Thursday, January 5, 2017

2016 Favorites

2016... There aren't a ton of great things to say about 2016. A lot of bad things happened, and the general consensus is that 2016 was a dumpster fire. BUT it wasn't all bad. I started college, and I'm enjoying myself. I moved to a new place, with new people, and I was completely out of all my comfort zones, but I still found myself happy. So, as rough as 2016 was, there might have been some redeeming qualities.

Another redeeming quality? I read a lot of really good books. Sure, school was really busy, so I slowed down a lot in my reading in the last few months, but it was still a good reading year. 

Way back in January, I read A Game of Thrones by George R.R. Martin. I've been getting more into fantasy lately, and this one is unavoidable. If you're looking for a fantasy to read, almost everyone will point you towards this series. And, while I don't love every little thing about this series (I'm still working through the gendered violence), I really do enjoy the politics of the world, and the stories are just so compelling! I'm really looking forward to continuing this series.

November 9 by Colleen Hoover was my first venture into New Adult fiction, and I absolutely loved it. As I recall, I read it all in one morning. I just could not put it down! It's about a couple who meet the day before one of them is about to move across the country. They agree to meet on the same day each year (it's November 9th, if you hadn't put that together). It's cliche, and I've probably read variations of this multiple times before, but I still devoured this book.

If you read only one young adult book this year, read Six of Crows by Leigh Bardugo (And then, if you are inevitably drawn into the world and you need to read more, read its sequel, Crooked Kingdom). It's set in a Russia-like fantasy world, where a criminal puts together an incredibly diverse crew to pull of a heist. The writing is fantastic, the plot is compelling, and, again, the characters are incredibly diverse. What else could you want?

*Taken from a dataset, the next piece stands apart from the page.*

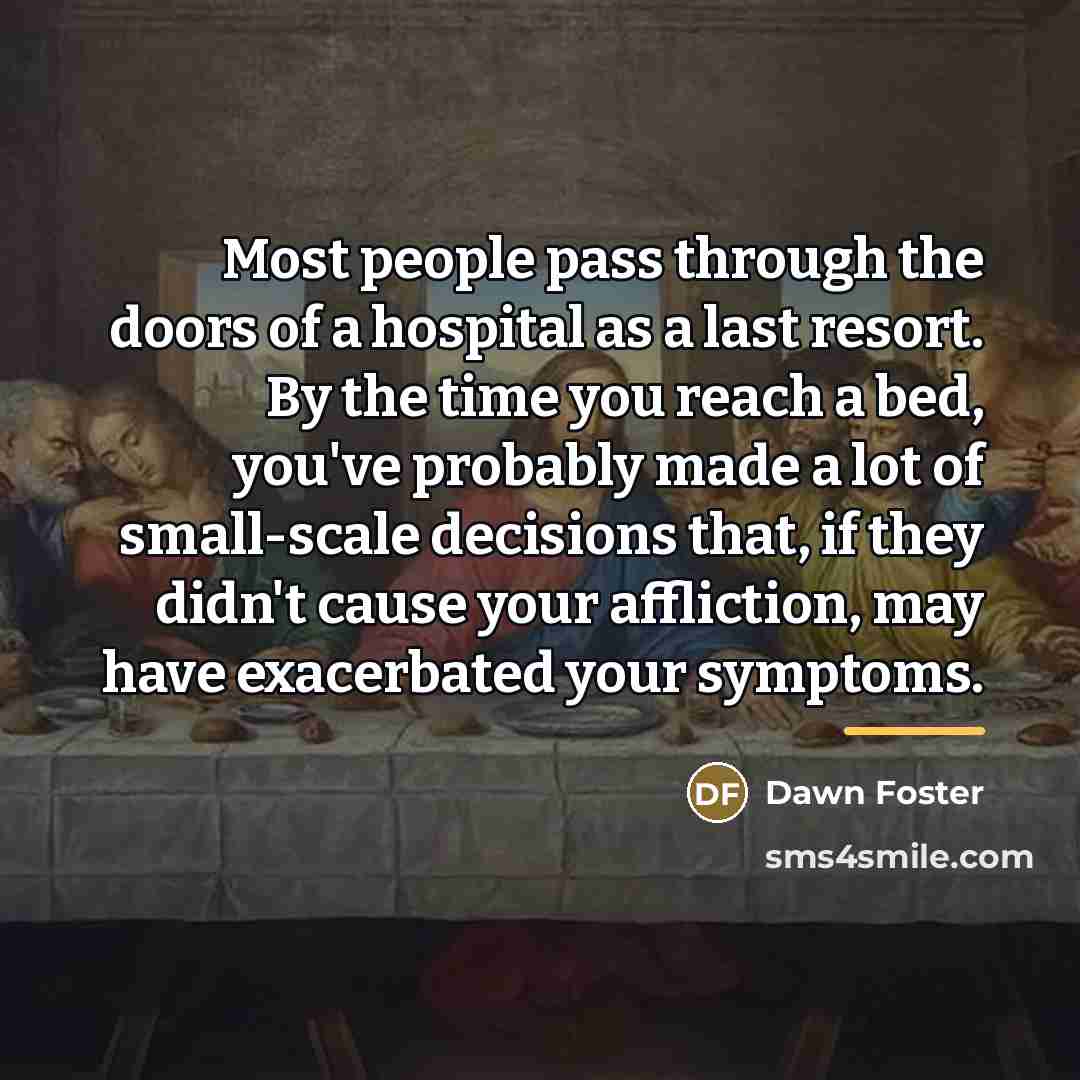 “Most people pass through the doors of a hospital as…” quote by Dawn Foster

Americanah by Chimamanda Ngozi Adichie earned a spot on my favorite books of all time. I read it quickly, right before Adichie came to my city for an event, and I loved it. If I hadn't had to read it fast, I probably still would have, due to the fact that I couldn't think about anything other than this book the whole time I was reading it (Sorry, two days of school during which I zoned out). It's about a woman from Nigeria who goes to America and begins to recognize the implications of being black in America. Thinking about it now (and the new relevance brought on by certain events), I'm definitely going to want to re-read this pretty soon.

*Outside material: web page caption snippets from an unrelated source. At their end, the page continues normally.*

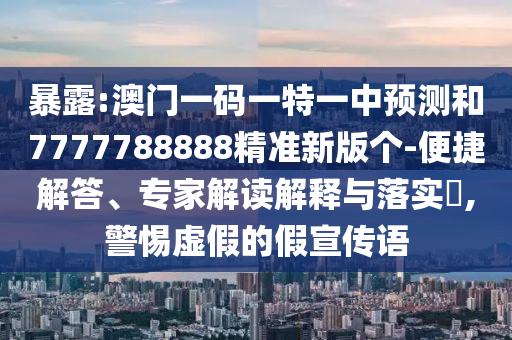 暴露:澳門一碼一特一中預(yù)測(cè)和7777788888精準(zhǔn)新版?zhèn)€-便捷解答、專家解讀解釋與落實(shí)?,警惕虛假的假宣傳語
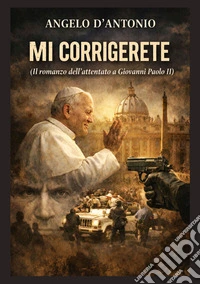 Mi corrigerete. Il romanzo dell'attentato a Giovanni Paolo II libro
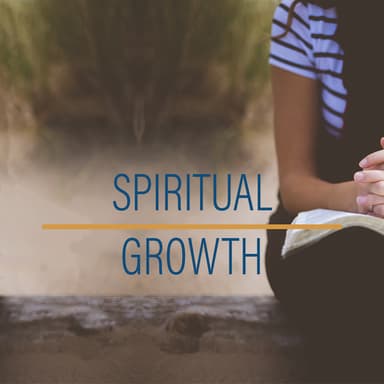 Spiritual Growth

What's that? You want a diverse, contemporary, young adult book? And if it could be funny and smart and cute and sad all in one, that'd be just great? Read Seven Ways We Lie by Riley Redgate. It's about a high school, where the different characters who tell the story represent the seven deadly sins. Come on, what else could you want?

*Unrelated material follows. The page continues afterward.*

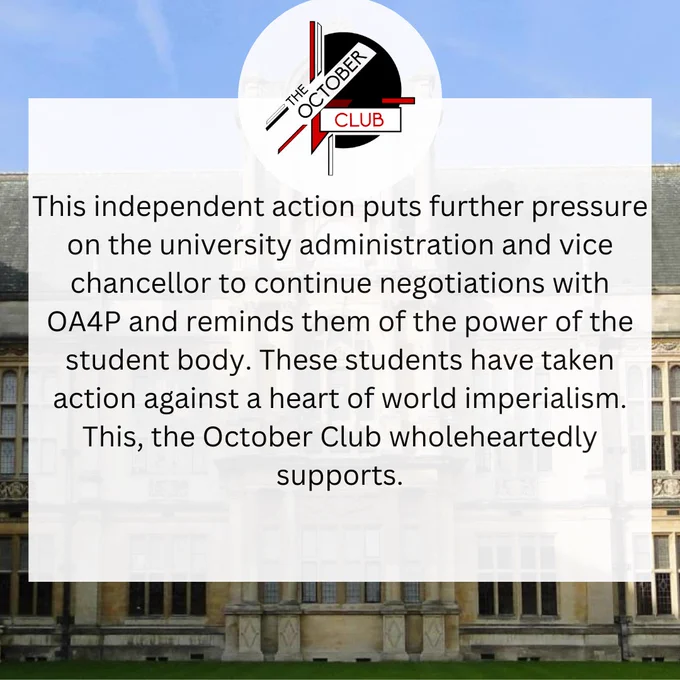 This independent action puts further pressure on the university administration and vice chancellor to continue negotiations with OA4P and reminds them of the power of the student body. These students have taken action against a heart of world imperialism. This, the October Club wholeheartedly supports.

The Great American Whatever by Tim Federle is one of those books that makes you laugh out loud and then feel like crying, within a few pages. This one's about a boy who wants to write for movies, but hasn't really left his house since his sister died in a car accident. When he does leave his house, he meets a guy and starts liking him. So, you can see the crying parts, but I promise there's also hilarity ensuing.

I also have to include Saga by Brian K. Vaughn and Fiona Staples, but I can't choose which volume I liked best, so we're just going to include them all (hey, it's my blog, I'm making these rules). It's fantastic and I cannot wait to read more of it.

My 2016 reading year was full of good books, but I'm looking forward to reading many more in 2017. I'm getting excited about my extremely large TBR list again, so let's get started. Happy New Year!